▶ [Recorded information]
== Segment start ==

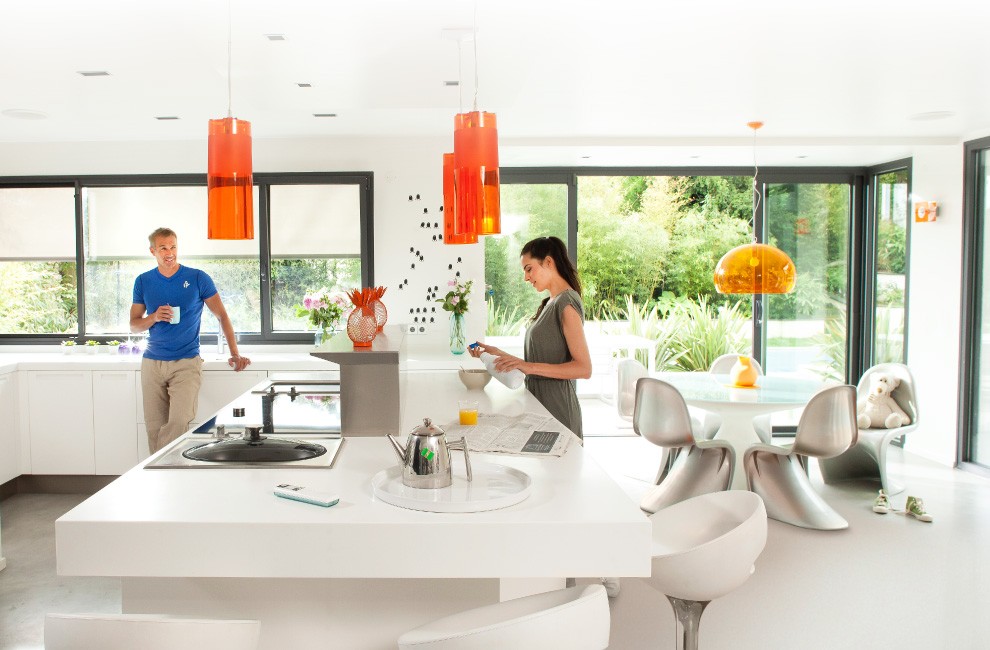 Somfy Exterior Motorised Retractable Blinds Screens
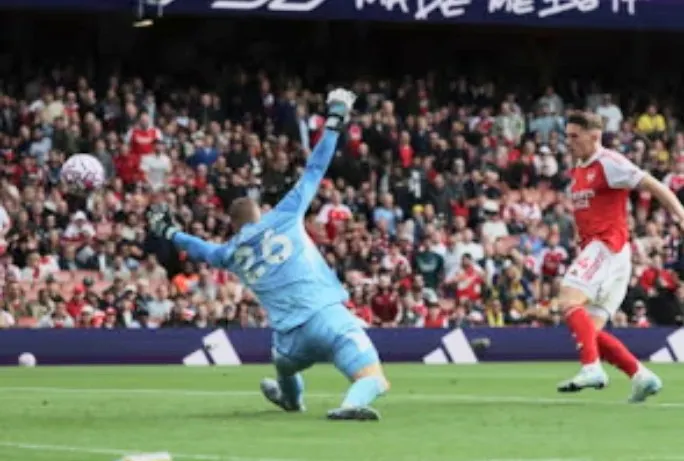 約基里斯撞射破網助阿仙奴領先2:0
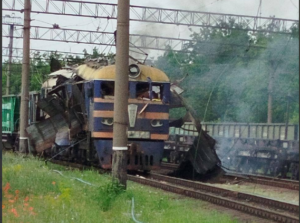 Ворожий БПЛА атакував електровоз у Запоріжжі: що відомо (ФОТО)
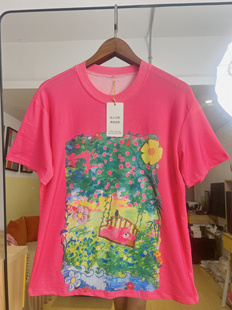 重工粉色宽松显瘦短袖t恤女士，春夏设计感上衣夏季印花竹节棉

== Segment end ==
== Segment start ==

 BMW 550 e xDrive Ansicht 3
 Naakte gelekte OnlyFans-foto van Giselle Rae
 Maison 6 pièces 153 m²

== Segment end ==

▶ [Exercise] Only one stretch of the entries above is needed: the lines from the one containing "約基里斯撞射破網助阿仙奴領先2:0" through the one containing "重工粉色宽松显瘦短袖t恤女士，春夏设计感上衣夏季印花竹节棉". Copy it exactly, without the pictures.

▶ [Response to the task]
 約基里斯撞射破網助阿仙奴領先2:0
 Ворожий БПЛА атакував електровоз у Запоріжжі: що відомо (ФОТО)
 重工粉色宽松显瘦短袖t恤女士，春夏设计感上衣夏季印花竹节棉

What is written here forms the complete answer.